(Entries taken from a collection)

====================

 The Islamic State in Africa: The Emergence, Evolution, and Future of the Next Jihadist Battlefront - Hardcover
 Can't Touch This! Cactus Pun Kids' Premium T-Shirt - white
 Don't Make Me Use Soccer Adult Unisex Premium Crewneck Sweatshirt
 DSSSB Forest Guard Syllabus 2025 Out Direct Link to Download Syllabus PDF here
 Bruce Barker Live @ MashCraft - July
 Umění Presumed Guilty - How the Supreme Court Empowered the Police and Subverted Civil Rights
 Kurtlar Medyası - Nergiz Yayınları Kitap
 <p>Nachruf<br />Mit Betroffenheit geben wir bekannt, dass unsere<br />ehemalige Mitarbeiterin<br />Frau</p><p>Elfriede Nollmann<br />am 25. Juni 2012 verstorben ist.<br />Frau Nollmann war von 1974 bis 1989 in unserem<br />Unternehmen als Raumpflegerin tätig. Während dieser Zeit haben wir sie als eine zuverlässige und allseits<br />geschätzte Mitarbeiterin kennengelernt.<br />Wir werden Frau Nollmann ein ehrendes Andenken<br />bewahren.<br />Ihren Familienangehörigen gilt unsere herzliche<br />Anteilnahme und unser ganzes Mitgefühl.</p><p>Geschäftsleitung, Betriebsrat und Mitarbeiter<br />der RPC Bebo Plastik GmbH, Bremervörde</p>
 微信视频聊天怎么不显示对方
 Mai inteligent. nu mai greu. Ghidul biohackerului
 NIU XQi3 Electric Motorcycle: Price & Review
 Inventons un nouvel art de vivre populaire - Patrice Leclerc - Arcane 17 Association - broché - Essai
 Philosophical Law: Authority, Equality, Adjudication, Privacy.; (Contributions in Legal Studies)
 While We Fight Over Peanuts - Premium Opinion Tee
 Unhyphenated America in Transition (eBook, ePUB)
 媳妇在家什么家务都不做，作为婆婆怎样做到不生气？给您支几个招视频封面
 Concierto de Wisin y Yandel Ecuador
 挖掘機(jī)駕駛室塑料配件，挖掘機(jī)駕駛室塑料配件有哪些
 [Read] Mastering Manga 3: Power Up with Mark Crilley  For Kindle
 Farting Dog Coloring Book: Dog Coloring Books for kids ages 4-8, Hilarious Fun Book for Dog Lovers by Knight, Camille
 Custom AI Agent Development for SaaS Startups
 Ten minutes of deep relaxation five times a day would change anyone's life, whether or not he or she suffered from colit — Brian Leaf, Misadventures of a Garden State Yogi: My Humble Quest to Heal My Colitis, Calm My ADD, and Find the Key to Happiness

====================

### Task prompt
Report each line of the entries where the word "Premium" occurs.

### Result of the exercise
 Can't Touch This! Cactus Pun Kids' Premium T-Shirt - white
 Don't Make Me Use Soccer Adult Unisex Premium Crewneck Sweatshirt
 While We Fight Over Peanuts - Premium Opinion Tee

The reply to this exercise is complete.